Natural de Pacatuba (CE), Maria Vanessa, conhecida nas redes como “Titia Vanessa”, compartilha sua vivência com mais de 67 mil seguidores. Influenciadora digital e ciclista, ela descreve a retificação de seus documentos como um marco pessoal. “Foi um MOMENTO LIBERTADOR. Não, não achem que cirurgias são tão importantes assim. A leveza de ver os documentos retificados desde a certidão até a identidade com as minhas VERDADEIRAS CARACTERÍSTICAS é algo de outro mundo”, afirmou.
Vanessa lembra com emoção do apoio familiar. “Meu irmão, Venicius, juntamente com meus pais, me presentearam com esse momento. Sim, eu chorei! Minha mãe também! Pois foi ali o divisor de águas… minha família se reporta a mim desde o princípio por ELA e MARIA VANESSA. Isso me empoderou, me trouxe um autovalor; foi tipo ‘agora eu sou livre’”, compartilha.

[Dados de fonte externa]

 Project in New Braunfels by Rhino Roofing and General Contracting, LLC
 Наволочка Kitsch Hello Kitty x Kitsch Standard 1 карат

Sobre o processo, Vanessa enfatiza que atualmente o caminho é menos burocrático do que há anos atrás, quando era necessário “advogado, redesignação sexual e audiência diante de um juiz”. Hoje, segundo ela, “você só precisa buscar seu cartório de registro, pegar a listagem de documentos e ir em busca deles. Em sete dias, a certidão já está pronta”. Ela lembra que gastou cerca de R$ 600 na época e aconselha: “Organize com calma, cautela, e tenha uma rede de apoio pra te fortalecer nesta fase”.

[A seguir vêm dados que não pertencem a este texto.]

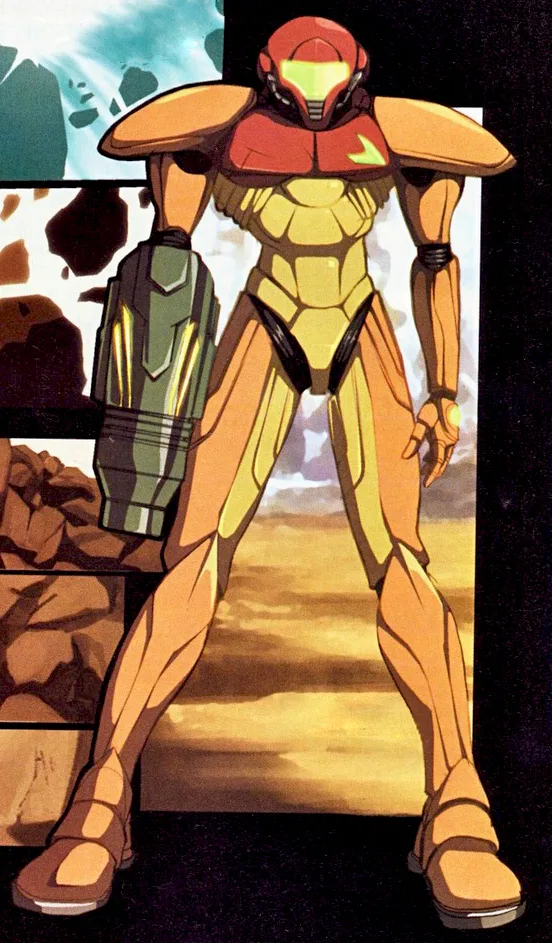 Samus Aran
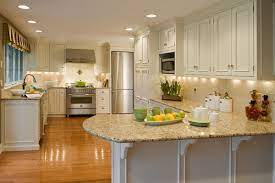 Can i do a soft gray backsplash with light grout? Santa Cecilia Granite Countertops For A Fresh And Modern Kitchen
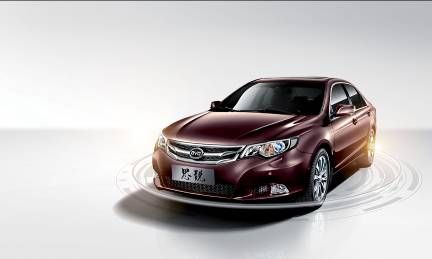 比亚迪思锐参数配置表曝光 预售15万元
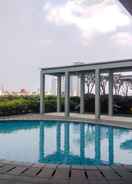 SWIMMING_POOL Best 1BR The Mansion at Kemang Apartment By Travelio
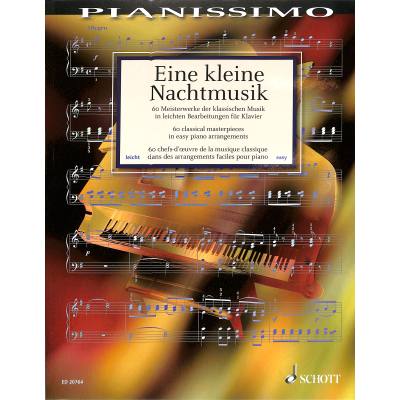 0841886014589 - Eine kleine Nachtmusik - 60 Meisterwerke der klassischen Musik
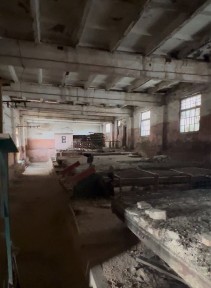 Оренда виробничих та складських приміщень.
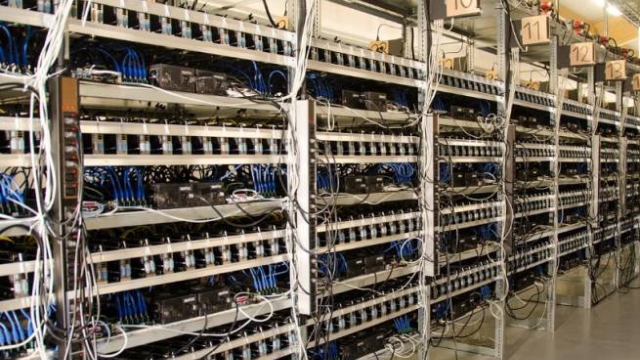 Demystifying ASIC Miners: Unleashing the Power of Crypto Mining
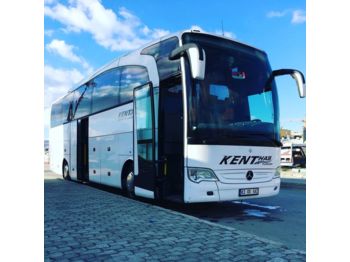 Туристический автобус MERCEDES-BENZ TRAVE 15 SHD: фото 1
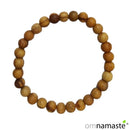 Pulsera Palo Santo 6mm
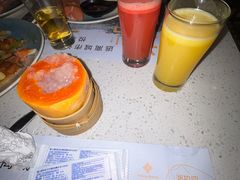 -金海湾自助餐厅(金陵饭店)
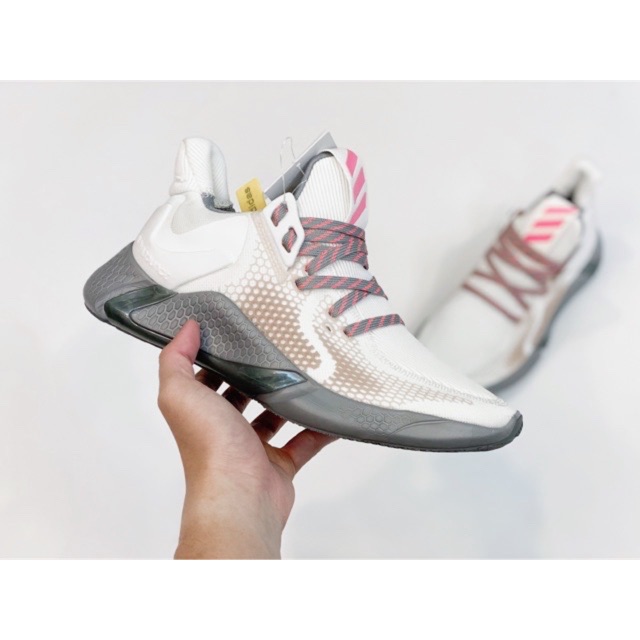 [FullBox &amp;Bill] Giày Alphabounce InstinctM màu Kem đế nâu Cực HOT Chuẩn Form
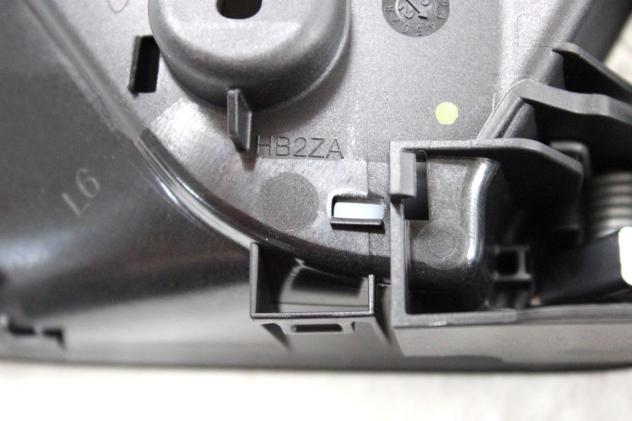2403705 MANIGLIA INTERNA PORTA ANTERIORE SINISTRA FORD PUMA 1.0 I 92KW AUT 5P (2022) RICAMBIO USATO - Foto 5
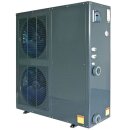 Wärmepumpe Midas Quick 21  bis -5°  / 230 Volt
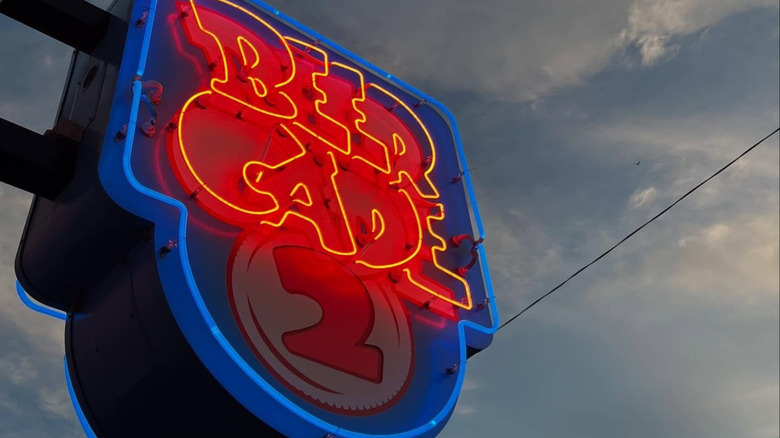 Beercade 2.0 light-up sign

Para ela, a retificação não é apenas administrativa, mas um ato de resistência: “Ter o gênero confundido em público, o nome ‘morto’ exposto, é algo que traz muito abalo e gatilhos. A segurança que a retificação nos traz é a certeza de que somos mulheres e homens trans dignos e reconhecidos”. E completa: “Todos nós somos dignas e dignos de respeito, amor, acolhimento e validação”.
Jazz da Costa: “Me ver como sou e ser respeitada por isso”

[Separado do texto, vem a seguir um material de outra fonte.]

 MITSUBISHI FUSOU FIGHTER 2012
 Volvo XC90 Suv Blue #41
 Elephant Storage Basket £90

A estudante Jazz da Costa, de 23 anos, também passou pela retificação de seus documentos em Fortaleza e descreve o momento como inesquecível. “Foi uma mistura de sentimentos. Ao mesmo tempo que eu estava feliz, com a sensação de que tinha conseguido, eu também queria chorar — mas de felicidade”, disse. “Por mais que seja um papel, acaba moldando os pensamentos e modos de como nos vemos. As pessoas passaram a me ver como eu me vejo: mulher”.
Jazz afirma que o processo foi rápido e sem dificuldades: “Quase tudo se resolvia muito perto e, sempre que havia alguma dúvida, tinham pessoas dispostas a ajudar”. Segundo ela, é fundamental buscar informação e contar com apoio, pois o reconhecimento legal muda a forma como a sociedade trata uma pessoa trans. “Ser chamada e identificada através desse simples papel muda muito qualquer situação que poderia trazer constrangimento. A própria conquista de ter conseguido a retificação eleva você em muitos aspectos, principalmente a autoestima”, declarou.
Para outras pessoas trans que pensam em iniciar o processo, Jazz aconselha: “Não tenham medo. É algo transformador. O que vem depois é muito maior do que o esforço para conseguir”.
O que diz a lei e como fazer a retificação
Desde a decisão do STF em 2018, qualquer pessoa trans maior de 18 anos pode solicitar a alteração de nome e gênero diretamente no cartório de Registro Civil. O cartório onde a pessoa nasceu deve receber o pedido, mas o processo pode ser iniciado em qualquer unidade. É necessário apresentar uma lista de documentos, incluindo certidões negativas, documento de identidade e CPF. Após a retificação, o cidadão pode atualizar os demais documentos como RG, título de eleitor e passaporte.
Os valores variam conforme o estado, mas é possível solicitar isenção dos custos mediante declaração de hipossuficiência. Caso o cartório se recuse a realizar o procedimento ou exija requisitos indevidos, como cirurgia ou laudos médicos, é possível denunciar às corregedorias dos Tribunais de Justiça, Defensorias Públicas ou diretamente ao Conselho Nacional de Justiça (CNJ), que disponibiliza contatos e canais de denúncia em seu site oficial.
Para menores de 18 anos, o processo exige autorização judicial e o acompanhamento de pais ou responsáveis legais.